On Sunday 13 January 2008, Christian Perrier wrote:
> Quoting Frans Pop (elendil@planet.nl):
> > For now I'm mostly interested in discussion of the issues I mention in
> > the comments in the big new section (which basically replaces the old
> > section that follows it).
>
> > + # We need the date of the last update of a sublevel PO file
>
> Yes.
>
> > + # Preferably we should also determine the name of the person who
> > + # did the last update to a sublevel (for changelogs)
>
> That would certainly be better. I fear it could complicated the code
> quite a lot and, indeed, the translation is mostly a team work. I
> personnally don't give much importance to Last-Translator.
>
> So, well, if we find a *not too complicated* way to allow for
> different last-translator, why not. But I don't think it's worth a
> great effort.
With some generalized functions it wasn't "too complicated" :-)

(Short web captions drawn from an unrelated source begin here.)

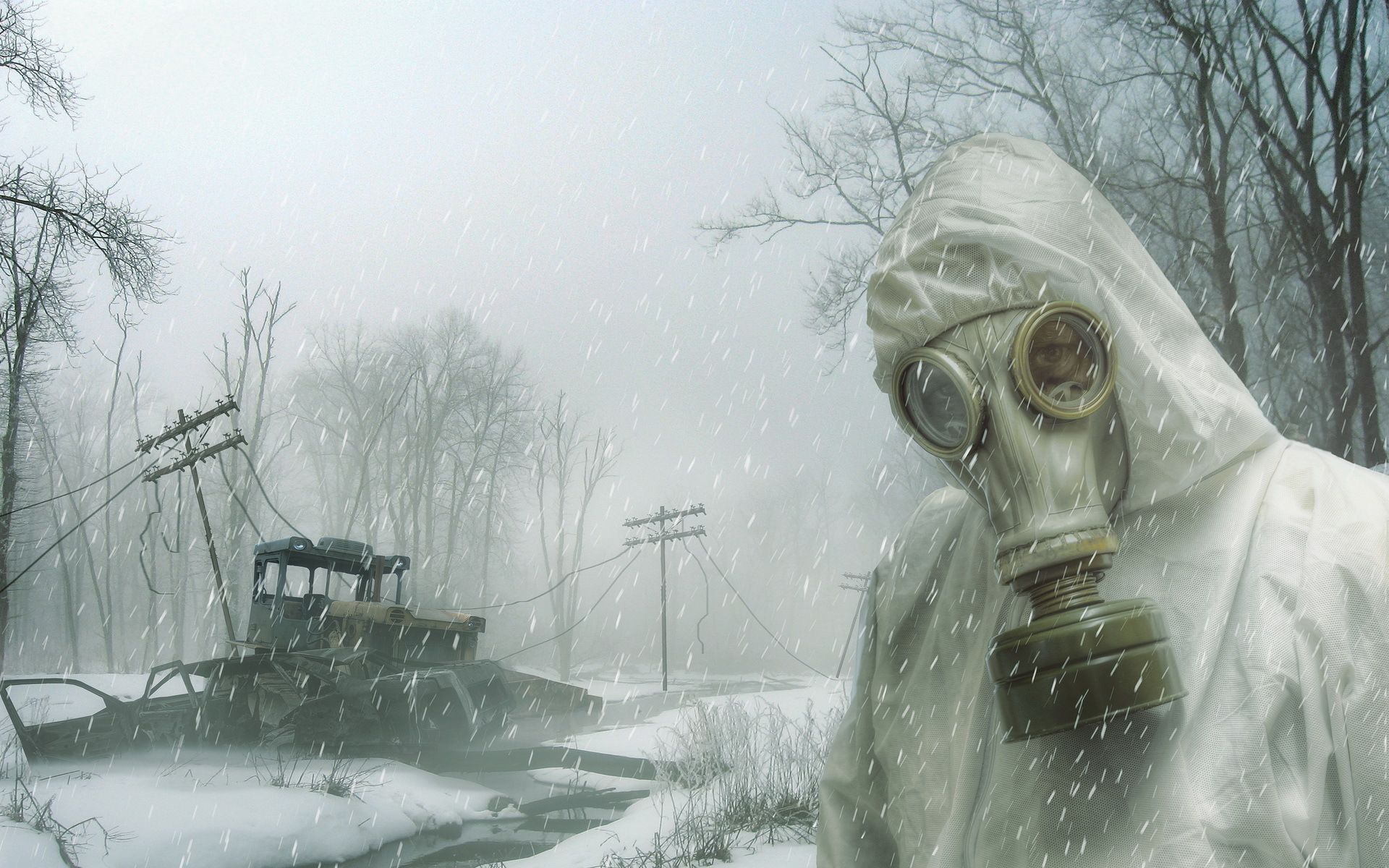 Stalker apocalyptic dark gas Winter mask people snow wallpaperx1200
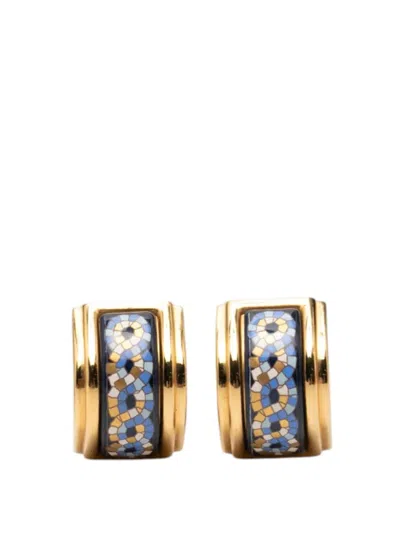 Pre-owned Hermes 2000-2025 Gold Plated Enamel Cloisonne Clip On Earrings Costume Earrings In Blue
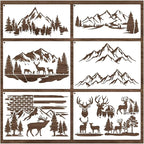 Mountain Stencils for Painting on Wood Burning Stencils and Patterns Reusable by Yhslmh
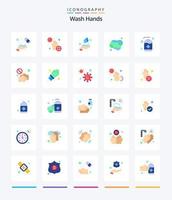 Creative Wash Hands 25 Flat icon pack  Such As hand soap. hand. hands. cleaning. medical vector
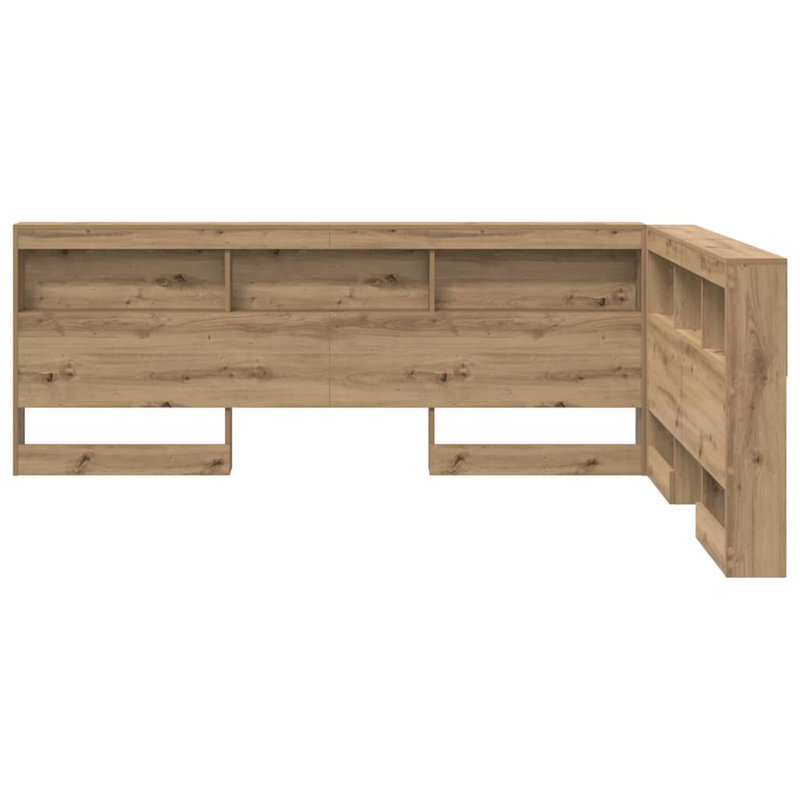 Storage Headboard With Shelf Engineered Wood, 160 x 220cm, Artisan Oak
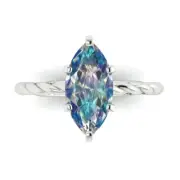 2 Marquise Rope Knot Blue Moissanite Wedding Bridal Promise Ring 14k White Gold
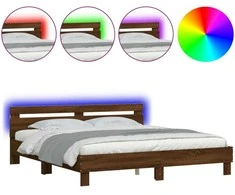 Lova Lovos rėmas su galvūgaliu ir LED, rudas ąžuolo, 200x200cm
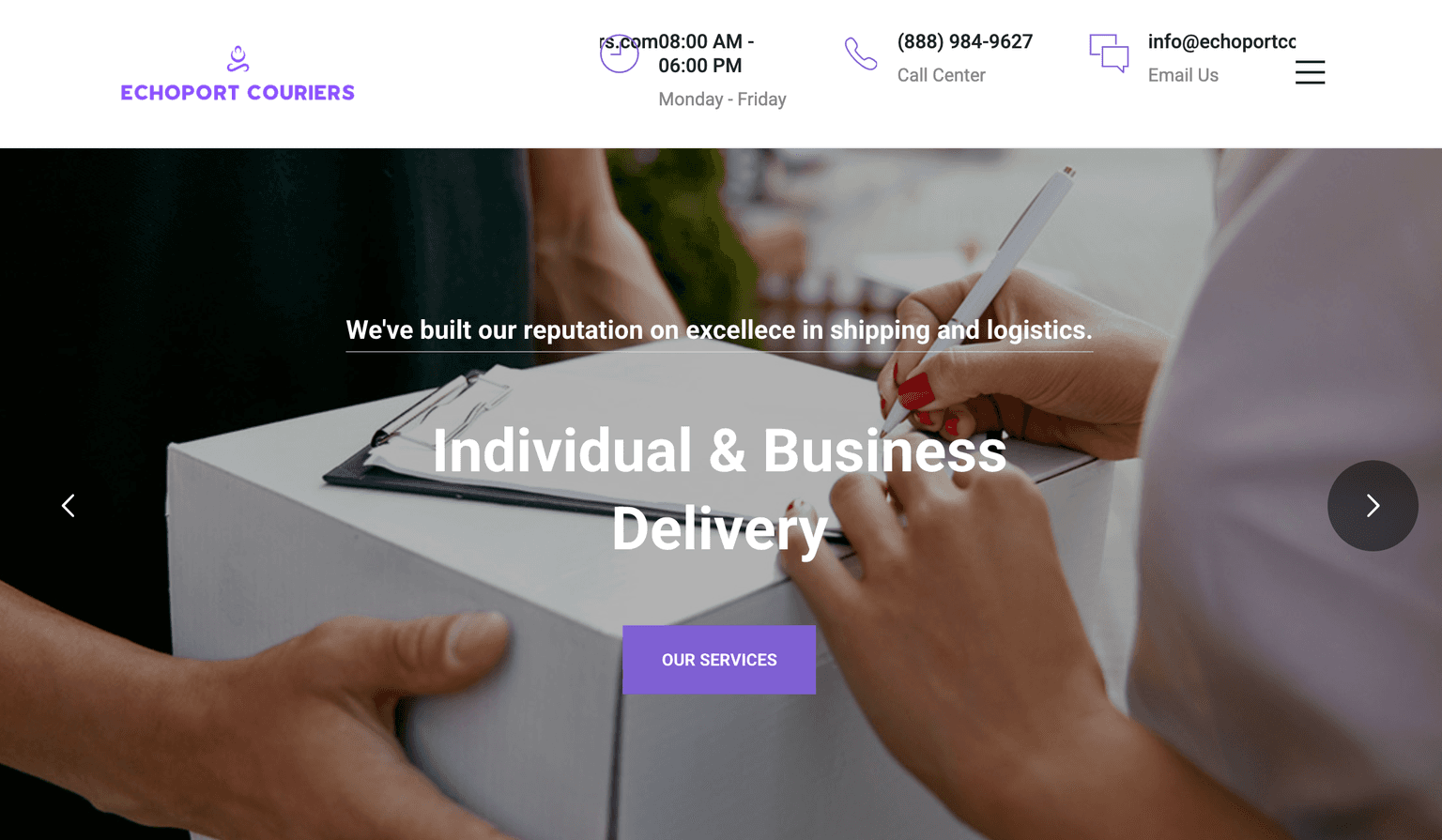 Screenshot of Is echoportcouriers.com scam or legitimate?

And I do think it's important to at least /try/ and get the correct
translator into our changelogs.
Are there gettext alternatives to the po_print_header() and po_print_body()
functions? If there are, I think that would be preferred, but note that my
functions select/remove both leading comments and all headers.
> > + # When updating a sublevel PO file, we should really retain
> > + # all the old headers and only update the POT-Creation-Date...
>
> Yes, definitely. There may be specific comments, or whatever
Done.
> > + # Do we really want to loose obsolete strings?
> > + # Shouldn't that be up to the translator?
> > + msgattrib --width=79 --no-obsolete sublevel${i}/${lang}.po.new
> > >sublevel${i}/${lang}.po
>
> I should have put a comment when I added this. I know there was a
> reason..:-|
Some fancy footwork was needed, but it looks like I've got a working
implementation for this. All obsolete strings are not gathered in the
sublevel1 PO file.
Attached a new version of the patch. I think this solves all issues I
spotted with the original implementation.
The current patch still also supports the current system. For the final
version I would suggest removing that (in practice: remove the "old" Phase
III code). I'd also suggest to remove the --split option and instead just
hardcode the number of levels in a variable in the script.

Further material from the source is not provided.